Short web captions
=-=-=-=-=

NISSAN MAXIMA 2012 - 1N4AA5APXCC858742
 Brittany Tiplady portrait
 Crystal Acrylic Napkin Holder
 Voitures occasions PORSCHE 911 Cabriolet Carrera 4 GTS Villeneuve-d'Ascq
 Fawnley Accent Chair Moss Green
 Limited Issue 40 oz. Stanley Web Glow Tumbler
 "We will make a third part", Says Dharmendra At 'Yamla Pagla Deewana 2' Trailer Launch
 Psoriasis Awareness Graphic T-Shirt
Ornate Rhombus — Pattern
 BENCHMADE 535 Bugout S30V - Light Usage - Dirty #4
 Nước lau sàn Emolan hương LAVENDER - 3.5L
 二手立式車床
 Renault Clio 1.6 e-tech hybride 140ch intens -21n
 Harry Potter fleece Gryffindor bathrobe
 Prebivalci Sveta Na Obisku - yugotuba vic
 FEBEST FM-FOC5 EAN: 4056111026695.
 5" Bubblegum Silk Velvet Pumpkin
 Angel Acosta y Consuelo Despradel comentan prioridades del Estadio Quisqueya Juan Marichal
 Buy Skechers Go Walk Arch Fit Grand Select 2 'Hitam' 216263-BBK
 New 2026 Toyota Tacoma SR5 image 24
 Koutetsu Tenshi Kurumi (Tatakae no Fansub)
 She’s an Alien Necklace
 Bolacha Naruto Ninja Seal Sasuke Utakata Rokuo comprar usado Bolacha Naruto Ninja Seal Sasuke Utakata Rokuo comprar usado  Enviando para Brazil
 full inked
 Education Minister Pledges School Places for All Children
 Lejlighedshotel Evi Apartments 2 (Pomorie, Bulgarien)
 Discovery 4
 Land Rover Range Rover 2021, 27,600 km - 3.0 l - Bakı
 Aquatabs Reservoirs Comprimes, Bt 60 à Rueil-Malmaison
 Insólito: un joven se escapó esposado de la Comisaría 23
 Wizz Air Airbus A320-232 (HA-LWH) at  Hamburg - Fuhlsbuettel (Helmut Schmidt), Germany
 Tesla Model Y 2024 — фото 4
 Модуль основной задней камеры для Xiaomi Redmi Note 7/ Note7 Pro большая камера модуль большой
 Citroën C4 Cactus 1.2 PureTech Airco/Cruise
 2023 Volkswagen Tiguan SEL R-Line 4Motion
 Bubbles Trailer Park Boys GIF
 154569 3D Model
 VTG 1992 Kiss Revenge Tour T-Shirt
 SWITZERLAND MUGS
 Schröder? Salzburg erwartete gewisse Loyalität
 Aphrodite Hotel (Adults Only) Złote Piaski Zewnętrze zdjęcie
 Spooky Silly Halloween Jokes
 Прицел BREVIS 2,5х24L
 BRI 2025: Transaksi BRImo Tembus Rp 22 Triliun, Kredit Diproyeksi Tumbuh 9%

=-=-=-=-=

Requirement — Please return only the lines above, starting at the line that has "Crystal Acrylic Napkin Holder" and ending at the line that has "She’s an Alien Necklace", keeping both and leaving each one unchanged.

Written solution —
 Crystal Acrylic Napkin Holder
 Voitures occasions PORSCHE 911 Cabriolet Carrera 4 GTS Villeneuve-d'Ascq
 Fawnley Accent Chair Moss Green
 Limited Issue 40 oz. Stanley Web Glow Tumbler
 "We will make a third part", Says Dharmendra At 'Yamla Pagla Deewana 2' Trailer Launch
 Psoriasis Awareness Graphic T-Shirt
Ornate Rhombus — Pattern
 BENCHMADE 535 Bugout S30V - Light Usage - Dirty #4
 Nước lau sàn Emolan hương LAVENDER - 3.5L
 二手立式車床
 Renault Clio 1.6 e-tech hybride 140ch intens -21n
 Harry Potter fleece Gryffindor bathrobe
 Prebivalci Sveta Na Obisku - yugotuba vic
 FEBEST FM-FOC5 EAN: 4056111026695.
 5" Bubblegum Silk Velvet Pumpkin
 Angel Acosta y Consuelo Despradel comentan prioridades del Estadio Quisqueya Juan Marichal
 Buy Skechers Go Walk Arch Fit Grand Select 2 'Hitam' 216263-BBK
 New 2026 Toyota Tacoma SR5 image 24
 Koutetsu Tenshi Kurumi (Tatakae no Fansub)
 She’s an Alien Necklace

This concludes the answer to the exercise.